Vedant Kulkarni

Posted on Jun 6

CTF Writeup: Corrupted File — picoCTF

#cybersecurity #beginners #productivity #tutorial

Category: Forensics
Difficulty: Easy
Flag: picoCTF{r3st0r1ng_th3_by73s_939a65f5}

My First Impression

So I came across this challenge called "Corrupted File" and honestly the description was pretty straightforward — "This file seems broken... or is it? Maybe a couple of bytes could make all the difference."

The hint mentioned JPEG and tools like xxd or hexdump. That was enough for me to get started. I downloaded the file and immediately noticed it had no extension, which is pretty common in CTF challenges. They want you to figure out what the file actually is.

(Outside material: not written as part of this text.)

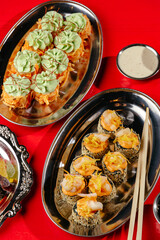 Sesame roll with Chinese sticks and sauce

Step 1 — Downloading the File

First things first, I grabbed the file using wget:

wget https://challenge-files.picoctf.net/c_amiable_citadel/8646393bf40c0026e51065e57963b604edf0a9a73371e01d1af2865c050d3e68/file -O corrupted_file

The download went fine. Got an 8.56KB file saved as corrupted_file. Nothing special yet.

Step 2 — Peeking at the Header

This is where things got interesting. The hint literally said to check the file header, so I used xxd to look at the first 16 bytes:

xxd -l 16 corrupted_file

Output:

00000000: 5c78 ffe0 0010 4a46 4946 0001 0100 0001  \x....JFIF......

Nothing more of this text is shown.